For Python interop, use the typed builtins py_import(unsafe, name) and py_invoke(unsafe, callable, args), both require the Unsafe capability. See stdlib.md.


8. The main program

The entry point is a function called main that may take one or more capabilities as parameters. The capabilities are instantiated by the runtime at boot:

fun main(stdio: Stdio, fs: Fs, env: Env)
    let argv = env.args()
    stdio.println("received ${argv.length()} arguments")

main's return value is ignored by the bootstrap: the process exits 0 when main runs to completion, regardless of what it returns.

8.1. Aborting: the panic builtin

panic(message: String) terminates the program immediately. It is not an exception: there is no stack unwinding and no catch. The contract is identical on every backend:

  • panic: <message> is written to stderr (one line);
  • nothing is written to stdout;
  • the process exits non-zero (exit 1 on the Python backend; the Wasm and Component Model backends trap, which the CLI and capa test translate to exit 1).
fun withdraw(balance: Int, amount: Int) -> Int
    if amount > balance
        panic("withdraw of ${amount} exceeds balance ${balance}")
    return balance - amount

panic is declared as returning Unit (Capa has no bottom / Never type), so it cannot yet be used where a value of another type is expected; control never actually continues past the call.
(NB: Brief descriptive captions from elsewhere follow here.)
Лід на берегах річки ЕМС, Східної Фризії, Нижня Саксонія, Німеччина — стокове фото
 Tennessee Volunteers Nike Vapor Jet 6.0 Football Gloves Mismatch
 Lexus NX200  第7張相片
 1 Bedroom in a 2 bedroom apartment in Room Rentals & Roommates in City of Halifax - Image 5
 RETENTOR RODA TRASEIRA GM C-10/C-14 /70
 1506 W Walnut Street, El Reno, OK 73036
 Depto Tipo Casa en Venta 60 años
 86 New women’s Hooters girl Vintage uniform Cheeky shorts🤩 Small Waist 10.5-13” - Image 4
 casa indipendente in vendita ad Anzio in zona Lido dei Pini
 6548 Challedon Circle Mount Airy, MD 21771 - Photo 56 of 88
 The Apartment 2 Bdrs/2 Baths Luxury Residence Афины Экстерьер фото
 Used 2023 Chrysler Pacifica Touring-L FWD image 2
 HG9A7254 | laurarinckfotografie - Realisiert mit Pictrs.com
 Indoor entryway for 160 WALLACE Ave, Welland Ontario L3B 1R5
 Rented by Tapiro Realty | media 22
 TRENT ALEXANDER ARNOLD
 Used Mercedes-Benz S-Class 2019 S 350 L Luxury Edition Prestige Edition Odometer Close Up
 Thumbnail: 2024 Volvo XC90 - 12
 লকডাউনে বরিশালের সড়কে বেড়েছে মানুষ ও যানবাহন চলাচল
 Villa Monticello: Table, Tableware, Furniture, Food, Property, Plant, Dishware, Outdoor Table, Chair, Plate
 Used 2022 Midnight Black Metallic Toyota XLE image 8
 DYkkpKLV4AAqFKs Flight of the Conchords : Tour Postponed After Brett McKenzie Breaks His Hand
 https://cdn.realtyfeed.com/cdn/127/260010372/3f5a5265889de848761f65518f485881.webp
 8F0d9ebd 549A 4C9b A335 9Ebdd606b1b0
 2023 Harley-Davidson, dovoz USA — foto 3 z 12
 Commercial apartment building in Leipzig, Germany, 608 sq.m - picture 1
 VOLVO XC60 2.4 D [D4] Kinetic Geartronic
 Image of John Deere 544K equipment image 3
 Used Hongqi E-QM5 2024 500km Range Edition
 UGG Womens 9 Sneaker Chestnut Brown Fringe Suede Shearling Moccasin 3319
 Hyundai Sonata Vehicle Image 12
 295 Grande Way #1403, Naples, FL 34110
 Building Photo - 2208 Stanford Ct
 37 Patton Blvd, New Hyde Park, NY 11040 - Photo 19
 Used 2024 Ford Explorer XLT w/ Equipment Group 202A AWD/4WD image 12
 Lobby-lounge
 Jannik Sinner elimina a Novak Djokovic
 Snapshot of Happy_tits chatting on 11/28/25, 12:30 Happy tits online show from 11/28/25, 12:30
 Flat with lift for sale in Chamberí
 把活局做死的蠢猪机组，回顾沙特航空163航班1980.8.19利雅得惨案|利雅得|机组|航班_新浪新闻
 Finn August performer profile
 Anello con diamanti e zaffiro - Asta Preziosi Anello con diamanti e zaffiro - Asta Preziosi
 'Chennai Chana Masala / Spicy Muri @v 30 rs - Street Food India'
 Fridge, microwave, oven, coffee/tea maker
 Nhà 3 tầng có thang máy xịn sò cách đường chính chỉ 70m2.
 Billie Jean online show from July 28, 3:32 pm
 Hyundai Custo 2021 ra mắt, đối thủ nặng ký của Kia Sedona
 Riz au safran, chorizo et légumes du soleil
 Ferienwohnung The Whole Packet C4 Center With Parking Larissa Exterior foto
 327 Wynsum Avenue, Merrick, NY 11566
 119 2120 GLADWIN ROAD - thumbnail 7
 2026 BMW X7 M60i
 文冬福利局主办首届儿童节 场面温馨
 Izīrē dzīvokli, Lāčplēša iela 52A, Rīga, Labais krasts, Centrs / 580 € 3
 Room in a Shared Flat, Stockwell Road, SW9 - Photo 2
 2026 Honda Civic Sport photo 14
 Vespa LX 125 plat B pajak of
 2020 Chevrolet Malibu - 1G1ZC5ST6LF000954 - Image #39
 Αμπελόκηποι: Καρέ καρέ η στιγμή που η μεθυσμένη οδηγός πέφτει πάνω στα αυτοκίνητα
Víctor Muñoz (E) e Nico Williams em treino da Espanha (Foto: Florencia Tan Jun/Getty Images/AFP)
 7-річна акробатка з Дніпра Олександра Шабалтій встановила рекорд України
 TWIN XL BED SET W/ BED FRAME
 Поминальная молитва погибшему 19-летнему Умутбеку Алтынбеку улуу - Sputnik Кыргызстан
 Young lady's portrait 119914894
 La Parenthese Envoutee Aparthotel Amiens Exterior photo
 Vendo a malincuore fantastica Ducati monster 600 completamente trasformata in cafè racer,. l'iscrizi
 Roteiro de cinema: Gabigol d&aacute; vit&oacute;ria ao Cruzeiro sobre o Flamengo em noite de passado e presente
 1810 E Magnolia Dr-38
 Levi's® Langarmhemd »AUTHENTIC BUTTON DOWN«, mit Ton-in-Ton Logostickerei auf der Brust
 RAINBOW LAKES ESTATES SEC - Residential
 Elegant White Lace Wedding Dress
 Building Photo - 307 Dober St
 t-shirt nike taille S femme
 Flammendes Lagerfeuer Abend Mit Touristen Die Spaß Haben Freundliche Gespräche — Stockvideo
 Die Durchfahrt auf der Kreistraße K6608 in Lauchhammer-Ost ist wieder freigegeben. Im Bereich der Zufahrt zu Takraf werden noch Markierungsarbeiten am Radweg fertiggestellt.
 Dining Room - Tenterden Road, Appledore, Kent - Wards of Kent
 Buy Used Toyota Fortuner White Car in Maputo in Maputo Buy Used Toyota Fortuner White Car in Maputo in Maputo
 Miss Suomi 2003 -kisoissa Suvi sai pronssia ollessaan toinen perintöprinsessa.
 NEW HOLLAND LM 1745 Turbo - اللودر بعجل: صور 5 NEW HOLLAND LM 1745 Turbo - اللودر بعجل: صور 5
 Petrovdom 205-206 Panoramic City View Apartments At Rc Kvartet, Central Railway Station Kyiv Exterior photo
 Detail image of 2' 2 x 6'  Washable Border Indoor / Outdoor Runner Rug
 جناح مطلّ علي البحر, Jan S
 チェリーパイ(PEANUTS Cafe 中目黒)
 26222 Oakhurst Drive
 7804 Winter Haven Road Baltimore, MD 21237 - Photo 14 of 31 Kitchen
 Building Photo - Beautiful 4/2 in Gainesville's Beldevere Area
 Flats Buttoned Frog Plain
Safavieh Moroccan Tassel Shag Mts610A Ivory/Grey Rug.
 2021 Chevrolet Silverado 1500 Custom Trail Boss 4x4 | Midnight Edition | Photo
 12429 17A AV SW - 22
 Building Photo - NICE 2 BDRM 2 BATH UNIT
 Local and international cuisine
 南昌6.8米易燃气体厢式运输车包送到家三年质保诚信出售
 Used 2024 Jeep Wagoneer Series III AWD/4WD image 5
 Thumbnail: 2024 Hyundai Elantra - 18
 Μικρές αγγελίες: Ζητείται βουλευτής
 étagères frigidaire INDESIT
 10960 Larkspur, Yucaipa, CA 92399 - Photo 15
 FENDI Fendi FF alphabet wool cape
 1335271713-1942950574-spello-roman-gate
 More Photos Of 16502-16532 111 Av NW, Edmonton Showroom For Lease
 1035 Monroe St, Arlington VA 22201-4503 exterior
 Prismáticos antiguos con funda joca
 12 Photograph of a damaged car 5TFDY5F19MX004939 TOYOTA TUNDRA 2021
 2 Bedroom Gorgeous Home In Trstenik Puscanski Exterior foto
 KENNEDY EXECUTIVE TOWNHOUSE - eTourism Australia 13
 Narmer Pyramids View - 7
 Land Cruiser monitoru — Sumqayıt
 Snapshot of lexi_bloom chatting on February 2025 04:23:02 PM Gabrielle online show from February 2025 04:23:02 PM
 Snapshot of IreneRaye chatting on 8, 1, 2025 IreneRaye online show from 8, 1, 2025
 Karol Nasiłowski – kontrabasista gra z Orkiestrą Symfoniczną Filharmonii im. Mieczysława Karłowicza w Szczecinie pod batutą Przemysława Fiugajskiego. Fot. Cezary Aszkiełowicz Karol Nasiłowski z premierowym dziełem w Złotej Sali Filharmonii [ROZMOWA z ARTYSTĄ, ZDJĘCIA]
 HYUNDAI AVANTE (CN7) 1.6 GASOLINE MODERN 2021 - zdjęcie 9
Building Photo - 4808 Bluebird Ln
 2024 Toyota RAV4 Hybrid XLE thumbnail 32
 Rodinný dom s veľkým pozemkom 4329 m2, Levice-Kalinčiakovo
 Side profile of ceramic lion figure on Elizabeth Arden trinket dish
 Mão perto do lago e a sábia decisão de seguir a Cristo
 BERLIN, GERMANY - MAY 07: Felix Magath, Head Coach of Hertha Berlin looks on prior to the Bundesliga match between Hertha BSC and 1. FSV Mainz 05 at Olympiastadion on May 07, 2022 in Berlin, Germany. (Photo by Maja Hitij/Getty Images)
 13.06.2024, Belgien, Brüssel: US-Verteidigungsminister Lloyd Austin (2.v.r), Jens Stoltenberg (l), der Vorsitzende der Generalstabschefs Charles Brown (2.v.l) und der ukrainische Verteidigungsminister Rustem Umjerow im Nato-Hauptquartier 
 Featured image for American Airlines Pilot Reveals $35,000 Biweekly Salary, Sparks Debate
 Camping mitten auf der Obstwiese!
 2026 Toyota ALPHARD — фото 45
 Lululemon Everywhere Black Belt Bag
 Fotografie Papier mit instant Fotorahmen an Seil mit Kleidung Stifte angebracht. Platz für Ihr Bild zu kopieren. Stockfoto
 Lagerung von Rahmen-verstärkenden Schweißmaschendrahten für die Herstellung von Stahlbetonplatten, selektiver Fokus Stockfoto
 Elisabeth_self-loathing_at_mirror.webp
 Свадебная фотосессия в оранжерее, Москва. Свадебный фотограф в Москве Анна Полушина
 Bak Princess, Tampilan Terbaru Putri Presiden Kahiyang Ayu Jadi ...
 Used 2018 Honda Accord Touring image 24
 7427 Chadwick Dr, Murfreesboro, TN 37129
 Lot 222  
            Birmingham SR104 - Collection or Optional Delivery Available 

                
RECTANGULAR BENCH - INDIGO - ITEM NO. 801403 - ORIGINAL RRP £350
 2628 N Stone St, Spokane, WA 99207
It is the recommended way for a test program to fail (see testing.md). Because the message goes to stderr, panic is a public sink for information-flow purposes: passing a @secret value warns by default and is a hard error under @strict_ifc(), exactly like stdio.eprintln (route deliberate disclosures through declassify).


9. Differences from Python

Capa transpiles to Python 3.10+, but the semantics differ:

Capa Python
Capabilities required for I/O Globals such as print, open
Types checked at compile time Duck typing
Exhaustive match checked match at runtime, no exhaustiveness
Or-patterns with consistent bindings Or-patterns without bindings
let x: List<Int> = [] valid Python equivalent has no checks
Mutation only with var or consume Everything mutable

10. Known limitations

  • String literals do not support multi-line (use \n for line breaks).
  • Nested string literals inside interpolation ("x ${"inner"} y") are not supported; bind the inner value to a let first.
  • Errors inside interpolation report positions starting from the file start; the offset has not yet been wired to the position inside the ${ ... } expression.
  • The module system is intentionally small: import, optional as alias, pub visibility. No re-exports, no star imports, no transitive dependency resolution at the language level (the package manager handles transitive fetch via capa.toml and capa install; see packages.md).
  • No asynchronous IO operations.
  • if/match in block-body lambdas needs => before the indented block.